对于innodb存储大的blob字段,将会对索引、查询性能造成极大的影响(从mysql5.1版本有所改进),以下为关于此的相关原因分析与总结:

1、http://www.mysqlperformanceblog.com/2010/02/09/blob-storage-in-innodb/ (转载)

I’m running in this misconception second time in a week or so, so it is time to blog about it.

How blobs are stored in Innodb ? This depends on 3 factors. Blob size; Full row size and Innodb row format.

But before we look into how BLOBs are really stored lets see what misconception is about. A lot of people seems to think for standard (“Antelope”) format first 768 bytes are stored in the row itself while rest is stored in external pages, which would make such blobs really bad. I even seen a solution to store several smaller blobs or varchar fields which are when concatenated to get the real data. This is not exactly what happens :)

With COMPACT and REDUNDANT row formats (used in before Innodb plugin and named “Antelope” in Innodb Plugin and XtraDB) Innodb would try to fit the whole row onto Innodb page. At least 2 rows have to fit to each page plus some page data, which makes the limit about 8000 bytes. If row fits completely Innodb will store it on the page and not use external blob storage pages. For example 7KB blob can be stored on the page. However if row does not fit on the page, for example containing two 7KB blobs Innodb will have to pick some of them and store them in external blob pages. It however will keep at least 768 bytes from each of the BLOBs on the row page itself. With two of 7KB blobs we will have one blob stored on the page completely while another will have 768 bytes stored on the row page and the remainder at external page.

Such decision to store first 768 bytes of the BLOB may look strange, especially as MySQL internally has no optimizations to read portions of the blob – it is either read completely or not at all, so the 768 bytes on the row page is a little use – if BLOB is accessed external page will always have to be read. This decision seems to be rooted in desire to keep code simple while implementing initial BLOB support for Innodb – BLOB can have prefix index and it was easier to implement index BLOBs if their prefix is always stored on the row page.

This decision also causes strange data storage “bugs” – you can store 200K BLOB easily, however you can’t store 20 of 10K blobs. Why ? Because each of them will try to store 768 bytes on the row page itself and it will not fit.
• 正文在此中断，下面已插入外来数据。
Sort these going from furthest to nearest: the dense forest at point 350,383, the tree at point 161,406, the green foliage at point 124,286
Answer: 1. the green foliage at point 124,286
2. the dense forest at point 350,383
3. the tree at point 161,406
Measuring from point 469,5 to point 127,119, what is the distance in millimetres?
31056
Another thing to beware with Innodb BLOB storage is the fact external blob pages are not shared among the blobs. Each blob, even if it has 1 byte which does not fit on the page will have its own 16K allocated. This can be pretty inefficient so I’d recommend avoiding multiple large blobs per row when possible. Much better decision in many cases could be combine data in the single large Blob (and potentially compress it)

If all columns do not fit to the page completely Innodb will automatically chose some of them to be on the page and some stored externally. This is not clearly documented neither can be hinted or seen. Furthermore depending on column sizes it may vary for different rows. I wish Innodb would have some way to tune it allowing me to force actively read columns for inline store while push some others to external storage. May be one day we’ll come to implementing this in XtraDB :)
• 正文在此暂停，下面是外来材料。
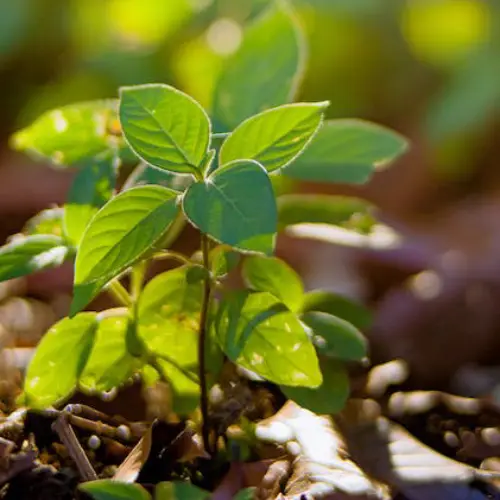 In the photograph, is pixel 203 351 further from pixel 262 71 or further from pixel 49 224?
pixel 262 71

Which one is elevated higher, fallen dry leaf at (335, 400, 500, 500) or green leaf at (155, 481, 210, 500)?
green leaf at (155, 481, 210, 500)

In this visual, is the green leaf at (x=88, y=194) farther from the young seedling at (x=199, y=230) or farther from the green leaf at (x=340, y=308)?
the green leaf at (x=340, y=308)

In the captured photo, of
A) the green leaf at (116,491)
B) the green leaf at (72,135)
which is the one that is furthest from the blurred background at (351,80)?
the green leaf at (116,491)

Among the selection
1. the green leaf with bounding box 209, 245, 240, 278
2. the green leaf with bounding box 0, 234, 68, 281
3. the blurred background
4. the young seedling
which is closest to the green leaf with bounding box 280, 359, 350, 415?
the young seedling

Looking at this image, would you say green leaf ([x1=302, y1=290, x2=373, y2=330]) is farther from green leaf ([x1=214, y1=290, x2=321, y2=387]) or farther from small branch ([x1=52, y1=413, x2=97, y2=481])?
small branch ([x1=52, y1=413, x2=97, y2=481])

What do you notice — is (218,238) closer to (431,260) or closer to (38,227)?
(38,227)

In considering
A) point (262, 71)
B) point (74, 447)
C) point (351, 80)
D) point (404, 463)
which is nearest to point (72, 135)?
point (262, 71)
So BLOB storage was not very efficient in REDUNDANT (MySQL 4.1 and below) and COMPACT (MySQL 5.0 and above) format and the fix comes with Innodb Plugin in “Barracuda” format and ROW_FORMAT=DYNAMIC. In this format Innodb stores either whole blob on the row page or only 20 bytes BLOB pointer giving preference to smaller columns to be stored on the page, which is reasonable as you can store more of them. BLOBs can have prefix index but this no more requires column prefix to be stored on the page – you can build prefix indexes on blobs which are often stored outside the page.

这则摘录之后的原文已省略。